(Brief descriptive captions)
####

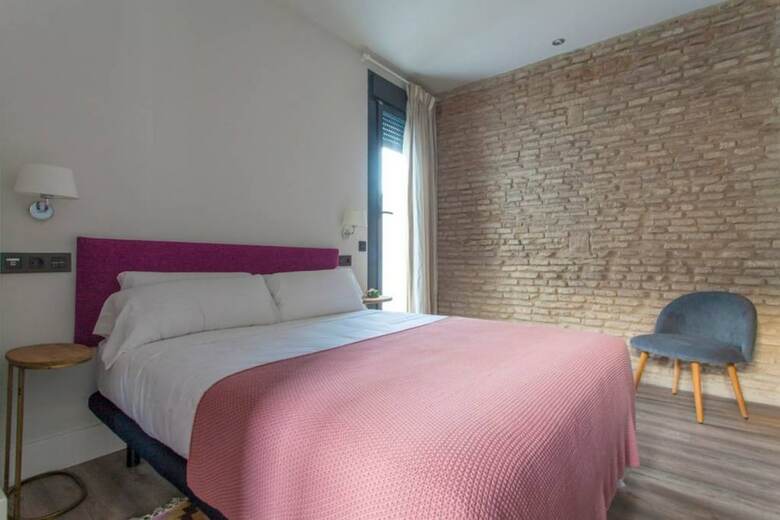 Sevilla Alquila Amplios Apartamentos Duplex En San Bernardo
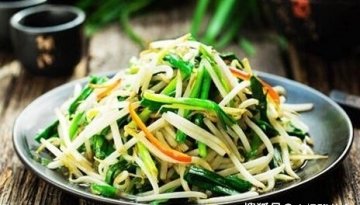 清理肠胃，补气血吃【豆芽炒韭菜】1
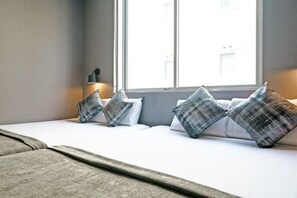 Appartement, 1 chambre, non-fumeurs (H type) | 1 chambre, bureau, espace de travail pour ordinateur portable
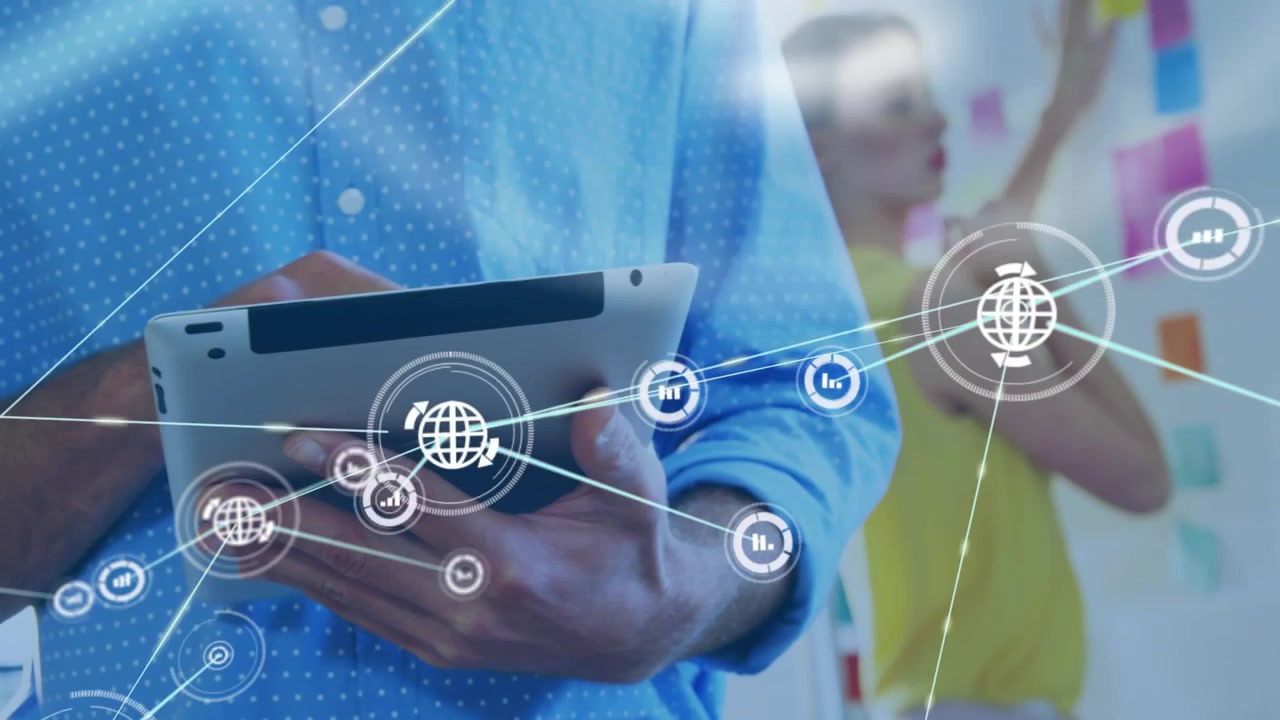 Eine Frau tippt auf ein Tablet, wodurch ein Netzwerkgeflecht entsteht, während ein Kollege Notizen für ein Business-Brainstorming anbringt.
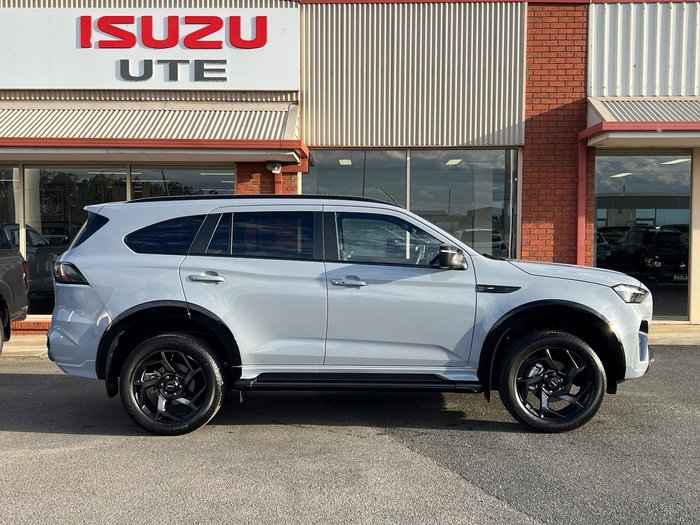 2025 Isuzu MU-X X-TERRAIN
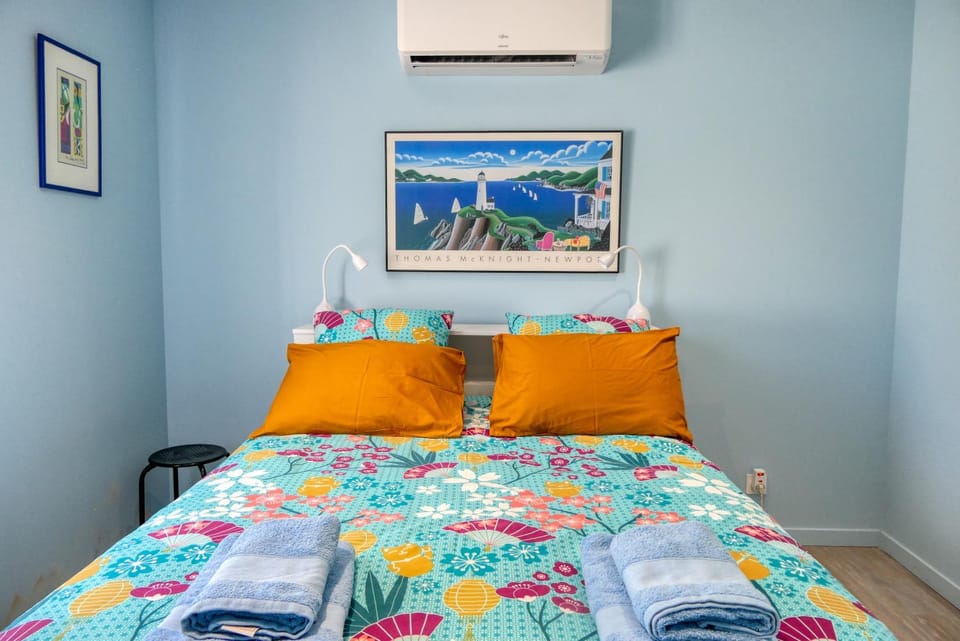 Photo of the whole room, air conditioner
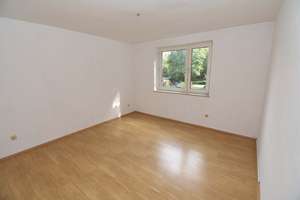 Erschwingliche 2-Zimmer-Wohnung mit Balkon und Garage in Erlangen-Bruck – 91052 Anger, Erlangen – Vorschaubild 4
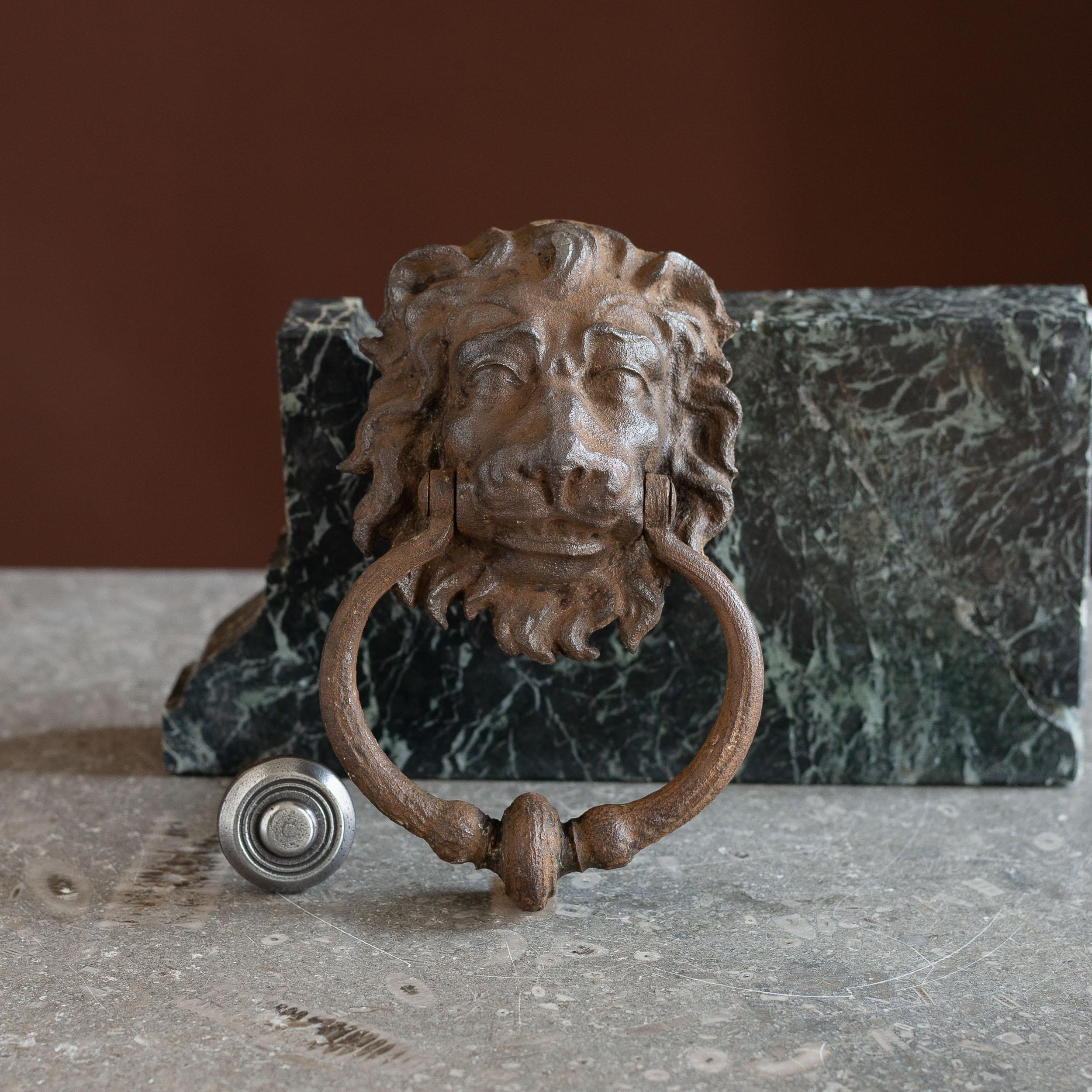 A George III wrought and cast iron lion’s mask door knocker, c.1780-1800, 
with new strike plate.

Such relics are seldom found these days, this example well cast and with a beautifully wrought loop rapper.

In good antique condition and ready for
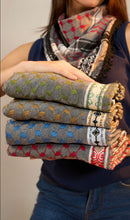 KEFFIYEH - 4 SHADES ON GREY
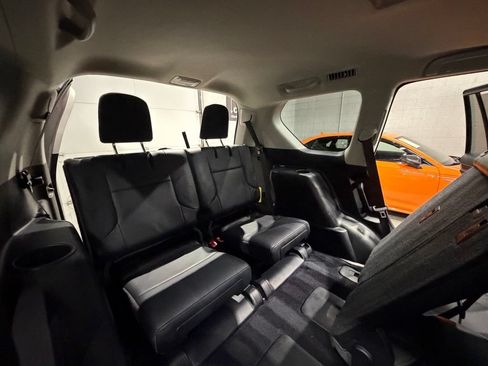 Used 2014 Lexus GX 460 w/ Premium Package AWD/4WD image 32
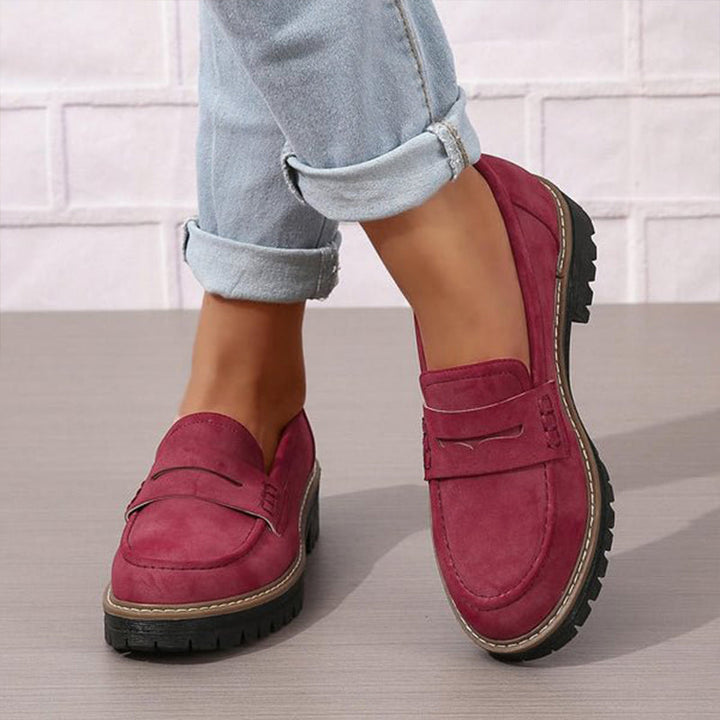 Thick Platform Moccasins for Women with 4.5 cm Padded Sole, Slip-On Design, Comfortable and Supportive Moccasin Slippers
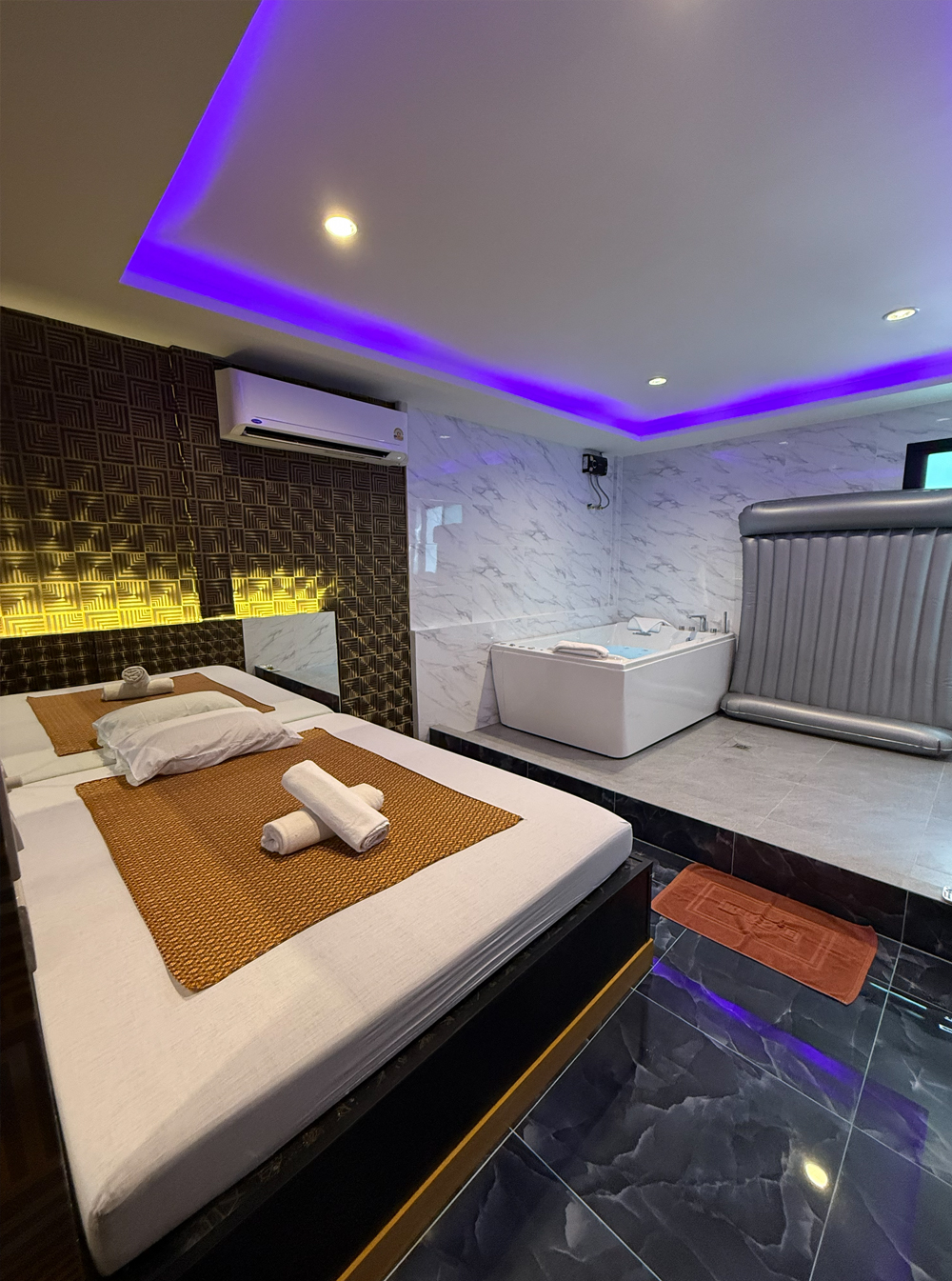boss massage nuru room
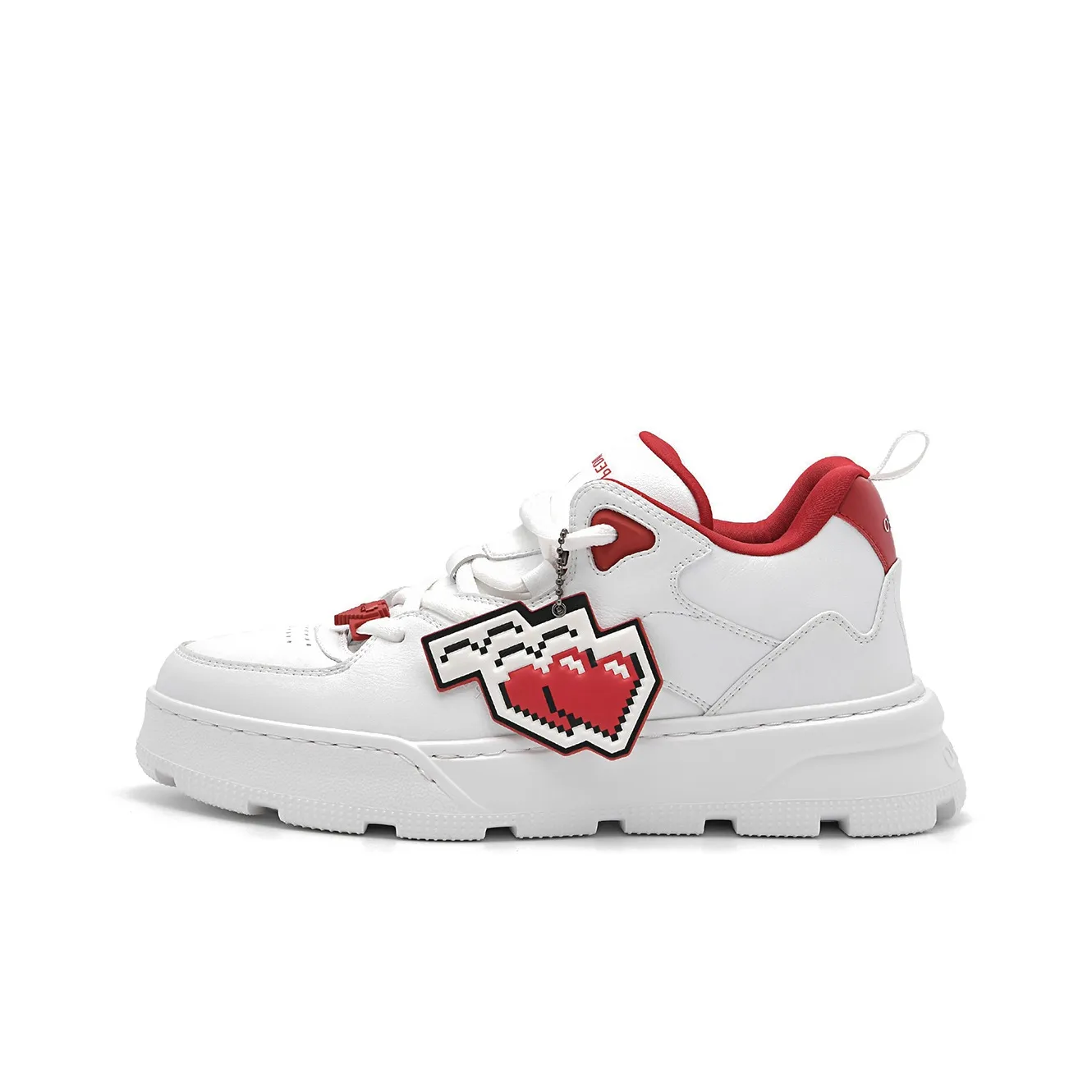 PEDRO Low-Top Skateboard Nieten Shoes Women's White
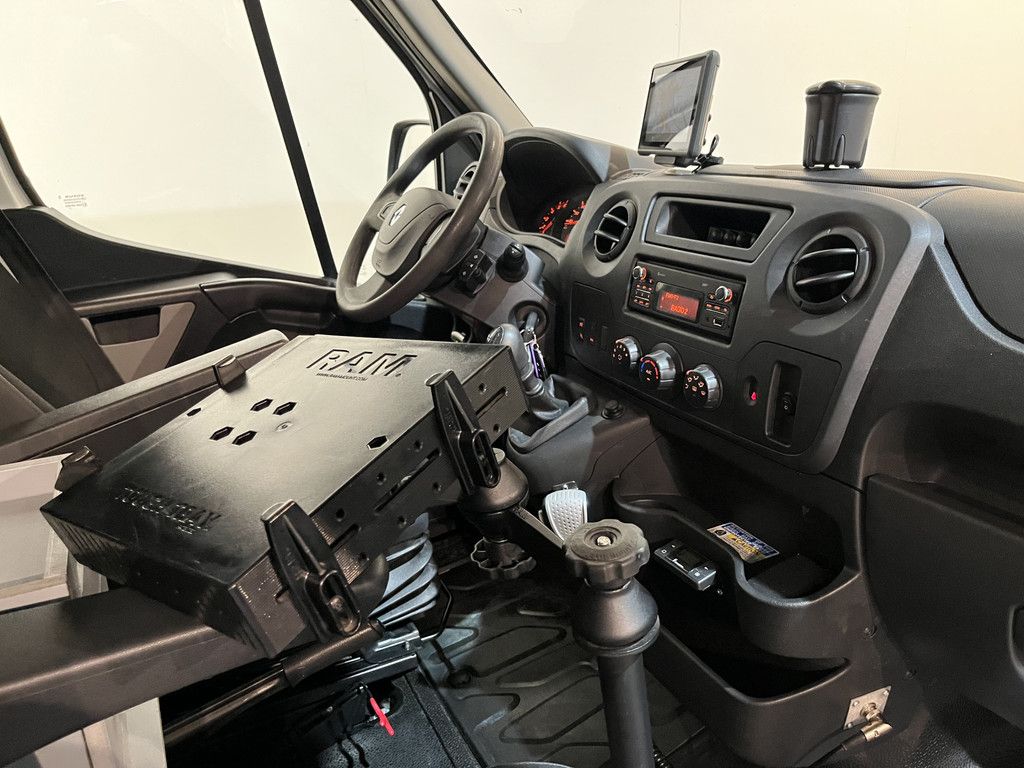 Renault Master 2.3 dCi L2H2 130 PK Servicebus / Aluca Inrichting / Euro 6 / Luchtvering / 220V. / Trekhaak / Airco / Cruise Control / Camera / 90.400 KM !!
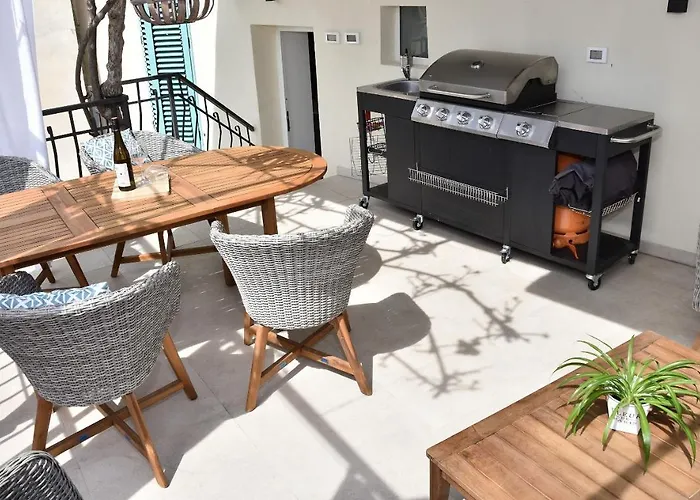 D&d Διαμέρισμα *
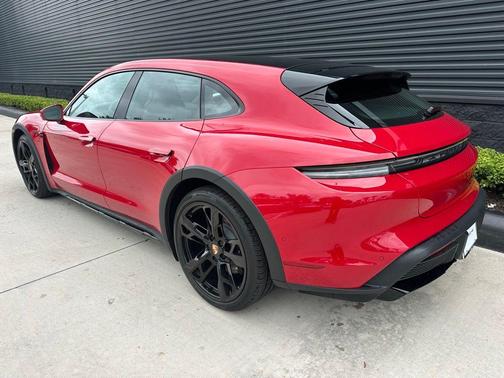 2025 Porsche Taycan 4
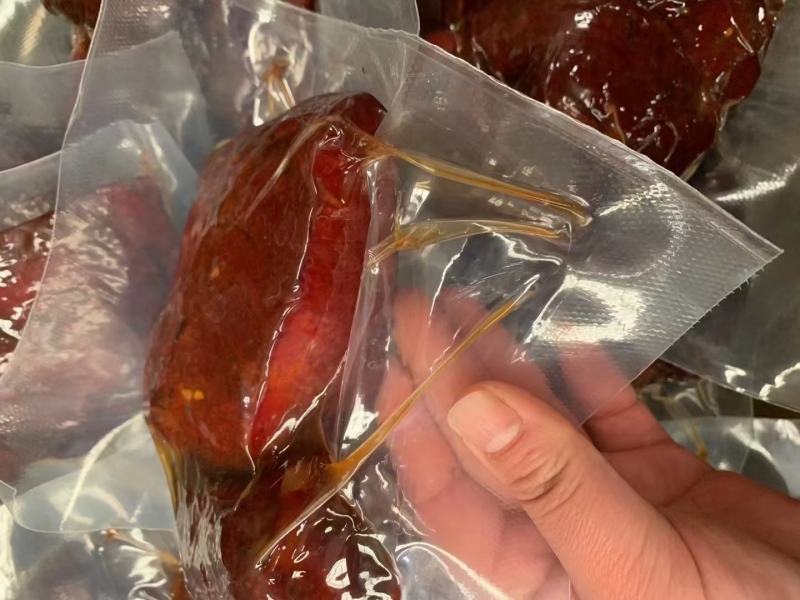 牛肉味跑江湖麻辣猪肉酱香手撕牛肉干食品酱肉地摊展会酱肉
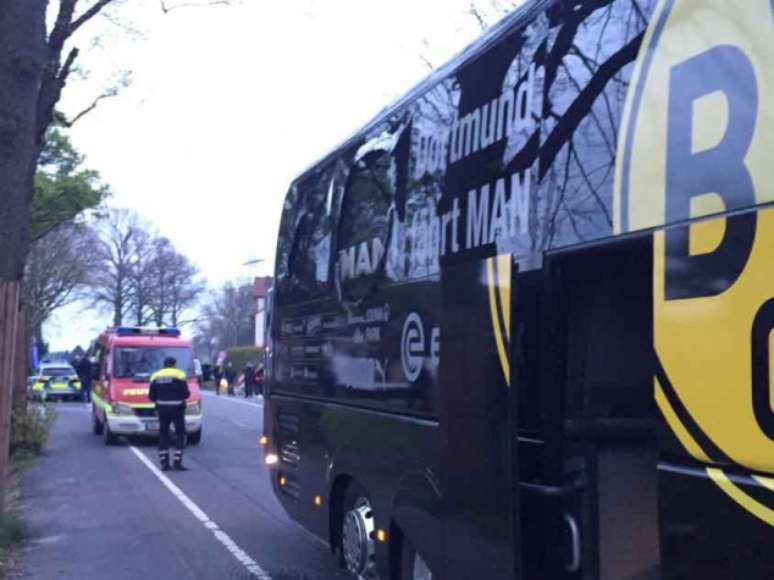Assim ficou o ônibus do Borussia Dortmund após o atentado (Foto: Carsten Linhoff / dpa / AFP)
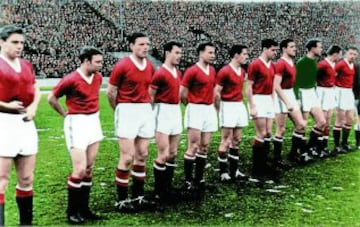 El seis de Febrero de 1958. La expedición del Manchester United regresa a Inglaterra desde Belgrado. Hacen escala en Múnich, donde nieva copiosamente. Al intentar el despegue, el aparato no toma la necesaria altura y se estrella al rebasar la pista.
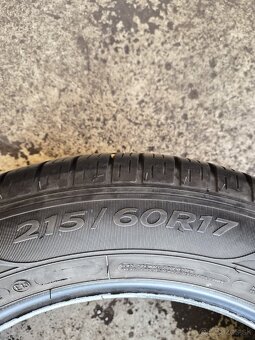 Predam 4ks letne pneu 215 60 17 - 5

####

Problem to solve: Write out, word for word, the line containing "boss massage nuru room" and each line after it to the end of the data, and nothing more. Drop the pictures.

Task response:
boss massage nuru room
 PEDRO Low-Top Skateboard Nieten Shoes Women's White
 Renault Master 2.3 dCi L2H2 130 PK Servicebus / Aluca Inrichting / Euro 6 / Luchtvering / 220V. / Trekhaak / Airco / Cruise Control / Camera / 90.400 KM !!
 D&d Διαμέρισμα *
 2025 Porsche Taycan 4
 牛肉味跑江湖麻辣猪肉酱香手撕牛肉干食品酱肉地摊展会酱肉
Assim ficou o ônibus do Borussia Dortmund após o atentado (Foto: Carsten Linhoff / dpa / AFP)
 El seis de Febrero de 1958. La expedición del Manchester United regresa a Inglaterra desde Belgrado. Hacen escala en Múnich, donde nieva copiosamente. Al intentar el despegue, el aparato no toma la necesaria altura y se estrella al rebasar la pista.
 Predam 4ks letne pneu 215 60 17 - 5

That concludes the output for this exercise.